Flux Blockwise - CLIP_L_Large_BF16

NSFW

Flux Blockwise (Mixed Precision Model)

I had to build several custom tools to allow for the mixed precision model, to my knowledge it is the first built like this.

Faster and more accurate then any other FP8 quantized model currently available
Works in Comfy and Forge but forge needs to be set to BF16 UNET
Comfy load as a diffuser model USE DEFAULT WEIGHT
FP16 Upcasting should not be used unless absolutely necessary such as running CPU or IPEX
FORGE - set COMMANDLINE_ARGS= --unet-in-bf16 --vae-in-fp32
Other then the need to force forge into BF16, (FP32 VAE optionally) it should work the same as the DEV model with the added benefit of being 5GB smaller then the full BF16

It turns out that every quantized model including my own up to this point to my knowledge has been built UN-optimally per blackforest.

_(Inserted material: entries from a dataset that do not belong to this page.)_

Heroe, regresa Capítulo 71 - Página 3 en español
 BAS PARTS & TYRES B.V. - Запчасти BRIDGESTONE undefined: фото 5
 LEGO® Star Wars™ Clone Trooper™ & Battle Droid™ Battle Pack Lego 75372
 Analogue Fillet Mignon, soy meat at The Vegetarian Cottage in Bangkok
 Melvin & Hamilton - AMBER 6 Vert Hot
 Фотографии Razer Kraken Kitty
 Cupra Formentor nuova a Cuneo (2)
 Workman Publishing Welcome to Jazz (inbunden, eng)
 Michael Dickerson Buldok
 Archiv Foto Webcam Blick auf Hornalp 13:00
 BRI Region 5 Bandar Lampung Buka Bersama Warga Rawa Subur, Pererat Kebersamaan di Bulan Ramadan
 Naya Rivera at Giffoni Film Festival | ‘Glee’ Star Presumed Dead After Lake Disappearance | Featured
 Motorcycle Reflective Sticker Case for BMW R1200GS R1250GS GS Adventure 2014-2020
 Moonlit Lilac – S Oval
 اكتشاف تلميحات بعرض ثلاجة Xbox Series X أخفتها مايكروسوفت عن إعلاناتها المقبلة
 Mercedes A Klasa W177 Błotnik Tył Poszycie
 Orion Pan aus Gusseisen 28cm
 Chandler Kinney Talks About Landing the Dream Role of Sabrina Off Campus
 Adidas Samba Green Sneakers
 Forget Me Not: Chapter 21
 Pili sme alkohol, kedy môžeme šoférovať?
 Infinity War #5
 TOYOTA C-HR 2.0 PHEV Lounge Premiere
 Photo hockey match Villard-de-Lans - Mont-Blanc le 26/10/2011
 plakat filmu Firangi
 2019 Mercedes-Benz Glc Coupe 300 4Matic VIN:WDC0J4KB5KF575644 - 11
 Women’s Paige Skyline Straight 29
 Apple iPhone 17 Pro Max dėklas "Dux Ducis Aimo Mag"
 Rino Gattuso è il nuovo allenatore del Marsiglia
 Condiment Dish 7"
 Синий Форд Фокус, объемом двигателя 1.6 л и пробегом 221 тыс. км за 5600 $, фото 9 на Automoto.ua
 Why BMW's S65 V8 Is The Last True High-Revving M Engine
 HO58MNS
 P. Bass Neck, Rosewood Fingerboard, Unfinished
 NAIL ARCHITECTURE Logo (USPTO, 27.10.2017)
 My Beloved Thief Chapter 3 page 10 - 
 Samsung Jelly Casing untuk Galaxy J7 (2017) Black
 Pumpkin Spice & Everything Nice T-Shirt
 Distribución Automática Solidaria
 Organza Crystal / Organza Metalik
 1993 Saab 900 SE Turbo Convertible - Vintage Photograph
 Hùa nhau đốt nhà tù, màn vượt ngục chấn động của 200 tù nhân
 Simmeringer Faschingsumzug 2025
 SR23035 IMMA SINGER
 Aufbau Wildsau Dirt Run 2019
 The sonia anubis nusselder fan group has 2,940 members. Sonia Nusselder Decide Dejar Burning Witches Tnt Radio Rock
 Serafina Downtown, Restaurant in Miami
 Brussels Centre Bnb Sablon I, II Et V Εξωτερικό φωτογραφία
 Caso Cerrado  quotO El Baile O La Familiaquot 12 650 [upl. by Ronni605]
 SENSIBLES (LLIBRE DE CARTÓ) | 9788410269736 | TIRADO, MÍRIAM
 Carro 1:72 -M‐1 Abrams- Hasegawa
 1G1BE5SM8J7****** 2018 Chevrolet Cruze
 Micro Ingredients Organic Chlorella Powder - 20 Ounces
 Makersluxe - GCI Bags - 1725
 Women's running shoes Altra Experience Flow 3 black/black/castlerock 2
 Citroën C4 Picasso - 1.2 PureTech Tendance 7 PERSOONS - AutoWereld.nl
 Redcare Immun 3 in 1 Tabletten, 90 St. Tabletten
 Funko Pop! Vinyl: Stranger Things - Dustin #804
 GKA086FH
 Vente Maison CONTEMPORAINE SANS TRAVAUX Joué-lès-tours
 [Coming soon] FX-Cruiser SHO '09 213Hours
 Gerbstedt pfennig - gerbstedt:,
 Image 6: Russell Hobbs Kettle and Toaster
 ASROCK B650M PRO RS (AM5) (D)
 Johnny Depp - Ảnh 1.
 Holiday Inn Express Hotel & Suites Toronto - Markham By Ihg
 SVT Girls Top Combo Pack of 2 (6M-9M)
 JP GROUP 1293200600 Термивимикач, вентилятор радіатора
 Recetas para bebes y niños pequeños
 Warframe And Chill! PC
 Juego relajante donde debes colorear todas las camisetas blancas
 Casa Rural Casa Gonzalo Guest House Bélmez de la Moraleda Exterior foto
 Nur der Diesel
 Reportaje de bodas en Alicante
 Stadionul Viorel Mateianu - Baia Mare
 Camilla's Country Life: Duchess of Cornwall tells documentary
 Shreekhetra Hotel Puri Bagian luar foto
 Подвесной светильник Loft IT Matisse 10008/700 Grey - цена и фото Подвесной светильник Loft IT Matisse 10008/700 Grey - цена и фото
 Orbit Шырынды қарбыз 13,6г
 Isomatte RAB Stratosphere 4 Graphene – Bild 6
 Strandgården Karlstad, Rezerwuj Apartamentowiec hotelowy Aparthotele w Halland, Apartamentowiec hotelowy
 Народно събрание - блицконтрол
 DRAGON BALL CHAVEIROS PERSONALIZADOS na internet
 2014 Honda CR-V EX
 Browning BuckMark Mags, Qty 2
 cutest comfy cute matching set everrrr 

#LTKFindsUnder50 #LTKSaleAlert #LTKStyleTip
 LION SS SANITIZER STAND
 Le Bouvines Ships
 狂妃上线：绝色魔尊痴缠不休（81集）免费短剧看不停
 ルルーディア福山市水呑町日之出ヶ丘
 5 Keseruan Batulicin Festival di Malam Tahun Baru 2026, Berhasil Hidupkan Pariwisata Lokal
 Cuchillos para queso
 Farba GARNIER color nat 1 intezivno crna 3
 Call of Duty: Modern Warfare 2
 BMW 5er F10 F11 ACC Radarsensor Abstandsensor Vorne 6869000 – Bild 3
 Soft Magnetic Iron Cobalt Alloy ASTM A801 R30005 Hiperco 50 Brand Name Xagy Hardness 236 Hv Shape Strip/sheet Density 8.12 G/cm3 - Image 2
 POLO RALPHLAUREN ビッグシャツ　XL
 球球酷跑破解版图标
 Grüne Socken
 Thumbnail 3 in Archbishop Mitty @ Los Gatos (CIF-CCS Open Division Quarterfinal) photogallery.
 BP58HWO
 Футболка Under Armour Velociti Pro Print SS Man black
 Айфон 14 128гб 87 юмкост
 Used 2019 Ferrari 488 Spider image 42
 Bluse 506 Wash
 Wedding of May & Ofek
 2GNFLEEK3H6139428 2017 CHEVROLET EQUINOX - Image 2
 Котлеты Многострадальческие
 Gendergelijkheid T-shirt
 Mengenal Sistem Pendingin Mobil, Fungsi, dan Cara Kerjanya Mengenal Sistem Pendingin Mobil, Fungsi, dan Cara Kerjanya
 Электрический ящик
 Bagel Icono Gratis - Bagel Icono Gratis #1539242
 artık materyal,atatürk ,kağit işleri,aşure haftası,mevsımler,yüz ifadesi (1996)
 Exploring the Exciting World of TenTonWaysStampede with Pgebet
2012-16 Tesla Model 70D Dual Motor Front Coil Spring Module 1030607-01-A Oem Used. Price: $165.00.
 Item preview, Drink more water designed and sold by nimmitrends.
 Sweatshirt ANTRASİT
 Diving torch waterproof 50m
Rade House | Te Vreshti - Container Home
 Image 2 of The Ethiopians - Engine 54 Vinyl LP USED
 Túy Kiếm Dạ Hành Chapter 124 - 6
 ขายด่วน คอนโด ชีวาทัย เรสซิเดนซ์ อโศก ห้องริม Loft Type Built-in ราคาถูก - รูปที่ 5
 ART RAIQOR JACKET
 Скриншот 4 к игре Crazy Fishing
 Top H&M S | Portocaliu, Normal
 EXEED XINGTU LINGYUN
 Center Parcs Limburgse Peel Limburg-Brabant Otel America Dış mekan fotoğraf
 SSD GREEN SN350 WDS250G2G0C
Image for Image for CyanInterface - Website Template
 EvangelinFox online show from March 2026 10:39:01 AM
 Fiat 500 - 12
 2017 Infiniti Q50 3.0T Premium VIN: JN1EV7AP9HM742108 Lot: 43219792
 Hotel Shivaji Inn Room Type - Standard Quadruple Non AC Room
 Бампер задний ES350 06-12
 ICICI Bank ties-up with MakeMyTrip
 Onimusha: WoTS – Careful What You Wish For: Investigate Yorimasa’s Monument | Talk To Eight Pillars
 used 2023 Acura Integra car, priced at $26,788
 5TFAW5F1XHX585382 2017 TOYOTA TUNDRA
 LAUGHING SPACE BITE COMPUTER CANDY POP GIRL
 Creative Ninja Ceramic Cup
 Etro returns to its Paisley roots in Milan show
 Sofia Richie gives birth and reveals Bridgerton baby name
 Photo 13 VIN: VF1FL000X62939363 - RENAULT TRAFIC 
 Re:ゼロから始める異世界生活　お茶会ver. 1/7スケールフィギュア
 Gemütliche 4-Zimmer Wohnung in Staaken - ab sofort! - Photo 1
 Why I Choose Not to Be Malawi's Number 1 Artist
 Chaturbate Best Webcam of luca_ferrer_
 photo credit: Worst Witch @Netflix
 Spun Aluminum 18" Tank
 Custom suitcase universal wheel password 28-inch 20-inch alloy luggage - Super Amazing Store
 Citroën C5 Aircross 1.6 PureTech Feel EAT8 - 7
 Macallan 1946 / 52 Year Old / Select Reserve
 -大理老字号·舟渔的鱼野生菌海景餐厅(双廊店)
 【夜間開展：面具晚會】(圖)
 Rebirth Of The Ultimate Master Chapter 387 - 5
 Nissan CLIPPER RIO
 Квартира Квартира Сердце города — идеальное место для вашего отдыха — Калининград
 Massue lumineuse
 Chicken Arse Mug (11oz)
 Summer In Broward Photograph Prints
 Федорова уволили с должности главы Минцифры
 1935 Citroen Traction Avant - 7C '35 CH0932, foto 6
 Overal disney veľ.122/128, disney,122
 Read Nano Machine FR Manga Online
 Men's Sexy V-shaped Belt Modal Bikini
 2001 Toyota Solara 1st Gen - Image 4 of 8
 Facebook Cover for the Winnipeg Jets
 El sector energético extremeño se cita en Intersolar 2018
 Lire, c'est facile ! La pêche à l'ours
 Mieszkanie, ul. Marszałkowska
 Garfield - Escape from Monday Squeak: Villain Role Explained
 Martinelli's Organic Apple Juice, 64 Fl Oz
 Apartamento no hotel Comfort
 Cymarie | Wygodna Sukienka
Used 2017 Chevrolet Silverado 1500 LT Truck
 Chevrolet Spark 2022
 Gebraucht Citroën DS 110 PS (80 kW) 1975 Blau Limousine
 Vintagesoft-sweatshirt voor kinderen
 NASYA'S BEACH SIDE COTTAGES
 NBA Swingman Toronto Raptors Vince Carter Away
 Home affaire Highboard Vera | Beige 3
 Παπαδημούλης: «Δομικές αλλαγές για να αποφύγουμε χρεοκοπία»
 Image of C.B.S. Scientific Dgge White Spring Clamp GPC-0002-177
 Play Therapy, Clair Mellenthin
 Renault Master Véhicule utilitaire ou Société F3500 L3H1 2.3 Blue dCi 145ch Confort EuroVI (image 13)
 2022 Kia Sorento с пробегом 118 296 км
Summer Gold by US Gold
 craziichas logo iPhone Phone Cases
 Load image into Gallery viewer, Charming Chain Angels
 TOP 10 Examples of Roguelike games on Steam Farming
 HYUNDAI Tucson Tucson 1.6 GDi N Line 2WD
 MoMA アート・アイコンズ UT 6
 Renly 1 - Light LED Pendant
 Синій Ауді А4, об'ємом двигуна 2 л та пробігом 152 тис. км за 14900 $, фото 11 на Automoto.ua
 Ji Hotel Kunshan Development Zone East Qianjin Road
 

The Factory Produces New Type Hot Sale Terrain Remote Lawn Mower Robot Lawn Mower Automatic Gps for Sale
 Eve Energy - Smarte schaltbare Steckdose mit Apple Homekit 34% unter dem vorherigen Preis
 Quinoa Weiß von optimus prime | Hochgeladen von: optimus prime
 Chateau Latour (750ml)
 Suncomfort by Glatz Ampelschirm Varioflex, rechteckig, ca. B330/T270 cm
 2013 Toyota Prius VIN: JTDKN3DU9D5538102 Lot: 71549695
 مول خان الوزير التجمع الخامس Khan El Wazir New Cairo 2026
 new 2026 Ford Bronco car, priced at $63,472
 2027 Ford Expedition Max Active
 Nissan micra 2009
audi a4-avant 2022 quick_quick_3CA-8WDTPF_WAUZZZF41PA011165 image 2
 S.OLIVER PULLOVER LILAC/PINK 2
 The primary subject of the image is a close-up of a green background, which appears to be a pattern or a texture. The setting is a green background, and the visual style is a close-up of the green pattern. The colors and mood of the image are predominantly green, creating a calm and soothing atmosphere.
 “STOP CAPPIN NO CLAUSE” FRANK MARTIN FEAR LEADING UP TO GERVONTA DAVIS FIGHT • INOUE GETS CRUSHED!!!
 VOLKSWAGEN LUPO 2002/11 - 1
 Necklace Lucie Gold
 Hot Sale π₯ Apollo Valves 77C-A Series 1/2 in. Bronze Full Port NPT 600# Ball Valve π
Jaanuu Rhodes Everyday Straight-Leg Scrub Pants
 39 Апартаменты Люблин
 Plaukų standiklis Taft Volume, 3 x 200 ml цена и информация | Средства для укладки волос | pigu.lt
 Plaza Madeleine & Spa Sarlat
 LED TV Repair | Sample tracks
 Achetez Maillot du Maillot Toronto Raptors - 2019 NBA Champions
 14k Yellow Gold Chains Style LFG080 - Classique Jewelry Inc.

Only the UNET blocks should be quantized in the diffuser model, also they should be upcast to BF16 and not FP16 (Comfy does this correctly)

Hippo Image remix

Lion Image remix

I am currently trying to workout how to follow Blackforest recommendations but using GGUF

Description

FAQ

Comments (49)

AbstractPhilaNov 28, 2024· 2 reactions

CivitAI

I'll build the lora stack onto it and see what SimV4 looks like.

Felldude

Author

Nov 28, 2024

If your attempting to build a model I would force BF16 and save the diffusion model, then load it and save it as FP8, then merge back in all the BF16 Text UNET blocks and the following :

'time_in.in_layer.bias',

'time_in.in_layer.weight',

'time_in.out_layer.bias',

'time_in.out_layer.weight',

'txt_in.bias',

'txt_in.weight',

'vector_in.in_layer.bias',

'vector_in.in_layer.weight',

'vector_in.out_layer.bias',

'vector_in.out_layer.weight'

Felldude

Author

Nov 28, 2024· 1 reaction

I am still trying to work out if the gguf cp can be rebuilt to ignore those blocks when quantizing, they would be converted to FP16 or FP32 but that is better then loosing the precision on those blocks.....I don't know if blackforest just published the info with the Depth model release or if I just missed it before

Felldude

Author

Nov 28, 2024

It would not look as good as the lora stack on base BF16 but it should give a good indication of what the model would preform like if it was mix precision BF16/FP8 to save those 5GB

AbstractPhilaNov 29, 2024

@Felldude They are trained mixed precision BF16

Felldude

Author

Nov 29, 2024

@AbstractPhila You set up a training to target different blocks on the same UNET model with different precision?

AbstractPhilaNov 29, 2024· 1 reaction

@Felldude No, that's definitely different. I was planning to do some single block targeted trains though, where I committed the entire cycle of training to a single block with a fairly high learn rate on very high alpha with low dimensions.

I'd love to try training multiple blocks in this nature using BF16, FP8, and FP16 in a similar block target manner as you mentioned.

Felldude

Author

Nov 29, 2024

@AbstractPhila Per Blackforest the TE blocks in the UNET should all be BF16 and probably only trained with that if targeted, the UNET blocks single or double could be FP8 but I wonder if FP16 is throwing the models off

sevenof9247Nov 29, 2024

@Felldude but GGUF is VERY slow ! and need more weight if using lora(if it works anyway) ...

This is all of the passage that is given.